Io penso che sia questo complesso di elementi di pressione che hanno messo in discussione -in modo abbastanza diffuso- che ci sia un solo modo di concepire e di realizzare il lavoro e il funzionamento di un’azienda. Oggi di questo di discute dappertutto, anche se i risultati sono ancora minimi. Ma se qualcosa ha cominciato a cambiare, è cambiato a partire dal basso. Il cambiamento non viene mai dall’alto, se non costretto da un bisogno, da una volontà, da una forza.
5- Questo quadro, come ho detto, indica come questione centrale il rapporto con il potere aziendale.

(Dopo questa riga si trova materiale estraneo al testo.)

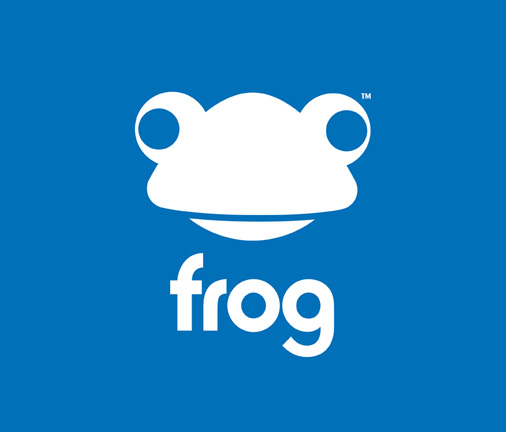 Frog Education Ltd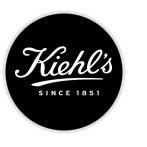 KIEHLS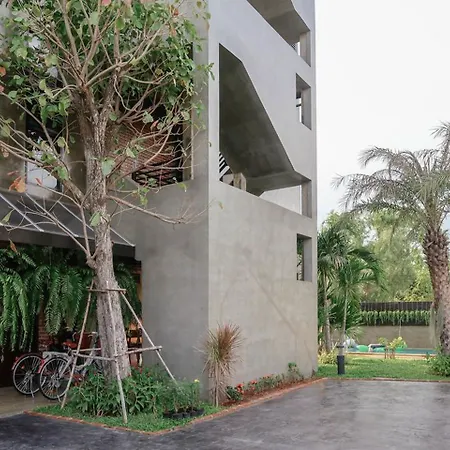 Goodhope Villa-3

Anche su questo tra le donne si si trova una forte convergenza, ma in questo caso problematica e irrisolta. C’è una difficoltà diffusa nel rapportarsi al potere aziendale. Manchiamo di un’analisi adeguata dei meccanismi del potere, del perché sostanzialmente tendiamo a chiamarcene fuori. Manchiamo di chiarezza su cosa realmente vogliamo e sui nostri possibili strumenti.
Diciamo che le donne non sanno gestire il potere perché forse non lo vogliono, perché hanno una diversa concezione del potere. Questo ci porta ad un diverso modo di concepire il lavoro e il modo di lavorare, ma non porta di per sé ad ottenere i nostri obiettivi, a cambiare la nostra condizione. Il potere è necessario per cambiare, ma le donne dichiarano e praticano una sostanziale estraneità, con il risultato -consapevole- che così lo si lascia agire sia a livello individuale sia a livello collettivo.
Qui si pone il problema degli spazi che le donne possono prendere nelle aziende. Degli strumenti di potere: come funzionano quelli attuali, con quali meccanismi? Cosa facciamo noi? Come diversamente possiamo costruire un nostro potere? E’ su questo che bisogna lavorare senza rimandi.